Step 1: Create a new property
The database used for this course does not have the type of data that will benefit from a TEXT index. A TEXT index performs better than a RANGE index when the property being indexed contains a lot of duplicate values.
Let’s temporarily create some string properties in the graph that will contain many duplicates. You will add a ratingValue property to all RATED relationships where the value is the concatenation of the user name, rating, and year of the movie.
Run this code that adds ratingInfo property to all RATING relationships (Note: It will take ~20 seconds to execute.)

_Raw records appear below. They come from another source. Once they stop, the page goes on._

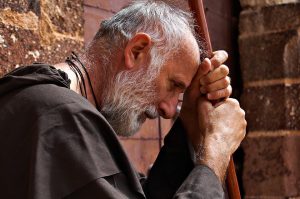 A monk leaning on his staff.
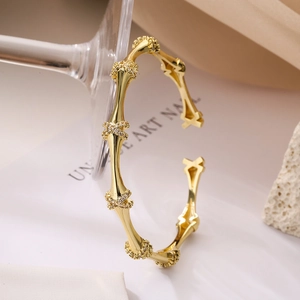 Minimalist gold plated bamboo joint cuff bracelet with zircon accents on a glass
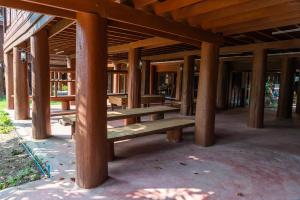 un groupe de bancs en bois assis sous un pavillon dans l'établissement Sakk - Lanna Heritage Stay, à Ban Mae Hom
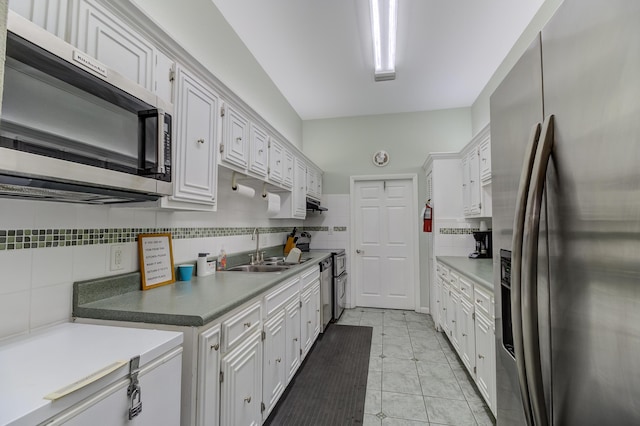 kitchen featuring white cabinetry, decorative backsplash, appliances with stainless steel finishes, and a sink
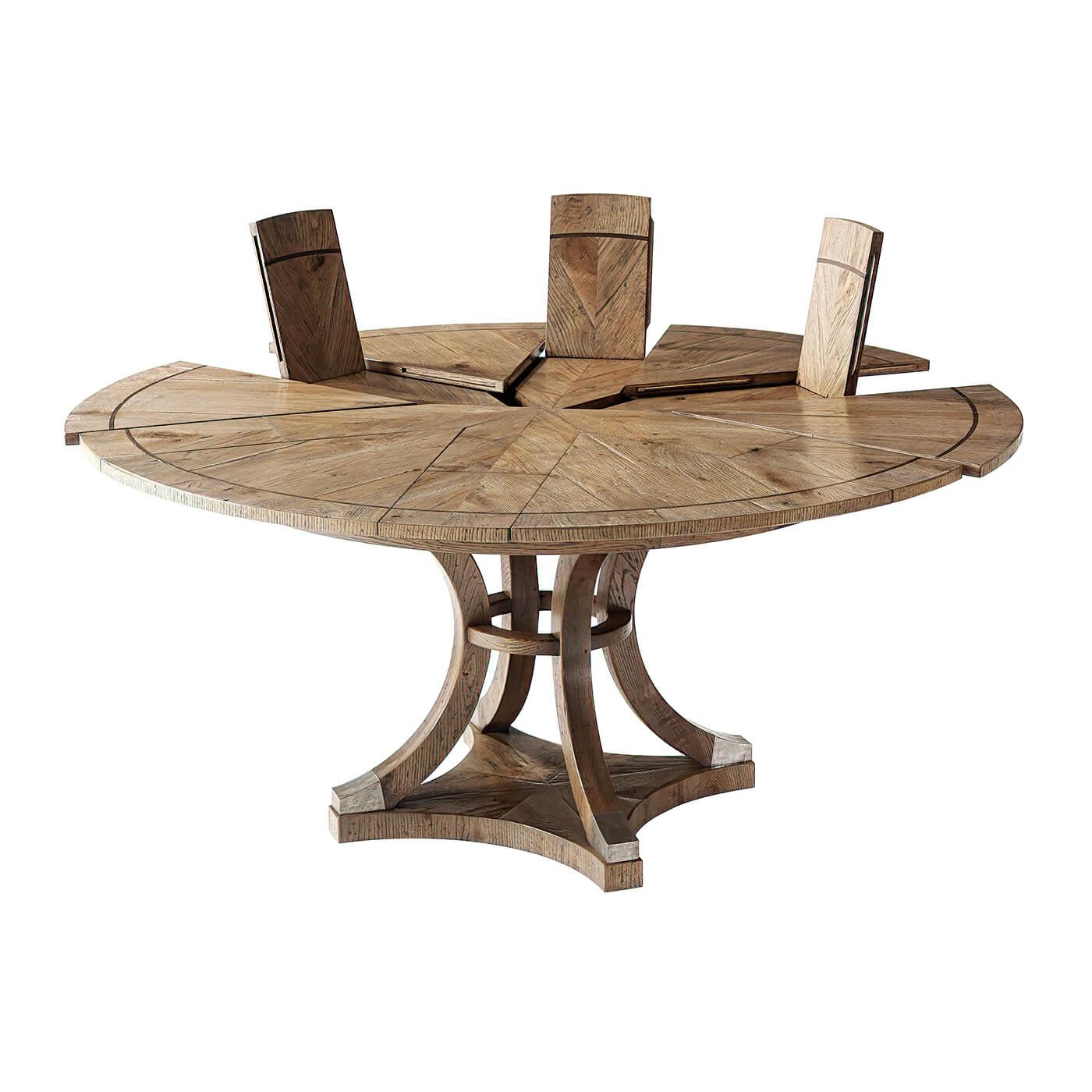 Modern oak parquetry and walnut inlaid top round self-storing extension dining table with six pull out top sections opening to reveal 6 fold-out leaves, above inswept solid oak legs with a central collar and 'Vintage' metal cast cappings.

Open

CALL apoc.periodic.iterate(
"MATCH (u:User)-[r:RATED]->(m:Movie) RETURN left(toString(m.year),2) AS rY, id(r) AS rId",
"MATCH ()-[r:RATED]->() WHERE id(r) = rId SET r.ratingY = rY",
{batchSize:1000})
Step 2: Query the graph
After having added this property to all RATING relationships in the graph, we have this query that you can run:
PROFILE MATCH ()-[r:RATED]->(m:Movie)
// movies in the 1900's
WHERE r.ratingY CONTAINS "9"
RETURN m.title,m.year, r.rating
Repeat this query to get the true elapsed time and total db hits. The second query is required because the first query adds the query to the query cache because it needs to parse the query and plan it.
Step 3: Add RANGE index
Add a regular RANGE index to the graph using:
-
index_name
: RATED_ratingY -
relationship_type
: RATED -
property_key
: ratingY
Step 4: Repeat the query
After having added the RANGE index. Execute this query twice:
PROFILE MATCH ()-[r:RATED]->(m:Movie)
// movies in the 1900's
WHERE r.ratingY CONTAINS "9"
RETURN m.title,m.year, r.rating
Do you see that the RANGE index is used and the total db hits and elapsed time is lower?
Step 5: Add TEXT index
Add a TEXT index to the graph using:
-
index_name
: RATED_ratingY_text -
relationship_type
: RATED -
property_key
: ratingY
Step 6: Repeat the query
After having added the TEXT index. Execute this query twice:
PROFILE MATCH ()-[r:RATED]->(m:Movie)
// movies in the 1900's
WHERE r.ratingY CONTAINS "9"
RETURN m.title,m.year, r.rating
Do you see that the TEXT index is used?
This is because the query planner will use a TEXT index if one exists when the predicate uses CONTAINS
or ENDS WITH
.
The performance of the query in this scenario does not benefit from the TEXT index.
Validate Results
Once you have completed the six steps of this Challenge, click the Check Indexes button and we will check the database for you.
Hint
Index names, relationship type names, and property key names are all case-sensitive.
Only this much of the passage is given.